So entwickelte sich aus dem anfänglichen Garagen-Projekt schon bald ein Garagen-Gewerbe. Das Lorenbier der Torfbier-Brauerei, dem Namen nach eine Hommage an die Torfloren des Himmelmoors, war bis vor Kurzem etwa Teil des Sortiments im Quickborner Unverpackt-Laden Un.fairpaqt.
Bürokratie frisst Brauerei: Wie es mit dem Lorenbier weitergeht
Trotz allen Spaßes, den die beiden an der Bierherstellung haben, lösten Steinmetz und Scheidel den Betrieb dennoch vor wenigen Wochen auf. Neben ihrer eigentlichen Berufstätigkeit und dem „Haupthobby Handball“, so Steinmetz, war es den beiden kaum möglich, das Gewerbe zu führen.

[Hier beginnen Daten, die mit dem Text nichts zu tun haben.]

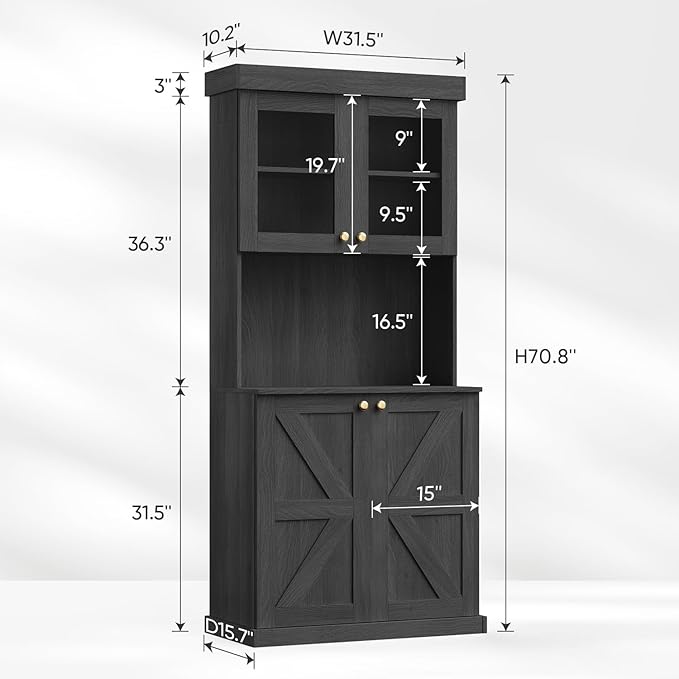 71" Tall Farmhouse Kitchen Pantry, Large Storage Cabinet with Glass Doors, Freestanding Coffee Bar Hutch with Microwave Stand, Adjustable Shelves for Kitchen, Living Room, Black 3 Pcs
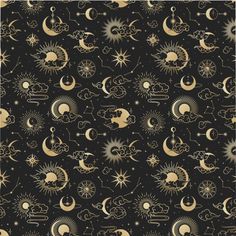 a black background with gold stars and crescents in the sky, on top of each other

Schuld daran trage auch die Masse an Bürokratie, die mit dem gewerblichen Brauen einhergeht, berichtet Steinmetz: Finanzamt, Zoll, Handelskammer – irgendwer will immer irgendwas. Zudem gehen all die Meldungen, die bei diversen Ämtern zu tätigen sind, die Abgaben an die Industrie- und Handelskammer (IHK), Steuerberater und Notare sowie die Biersteuer ins Budget. „Gebühren, Gebühren, Gebühren! Das kostet alles ein wahnsinniges Geld und wir mit unserer kleinen Anlage brauchen ja anderthalb Tage, um sechs Kisten zu produzieren“, sagt Steinmetz.
Brauereien in Pinneberg: Biere aus der Region
Vollständig vermiesen lassen sich sich die Torfbier-Brauer das Hobby aber nicht vom „Bürokratiewahnsinn“, sagt Steinmetz. Er und Kollege Scheidel stehen noch immer regelmäßig in der Garage, dürfen nun allerdings lediglich 200 Liter Lorenbier jährlich für den Eigengebrauch herstellen. Das „absolute Naturprodukt“, ungefiltert, ohne Additive und gebraut mit Quickborner Wasser, gibt es fortan daher leider nur für ein ausgewähltes Verkostungspublikum.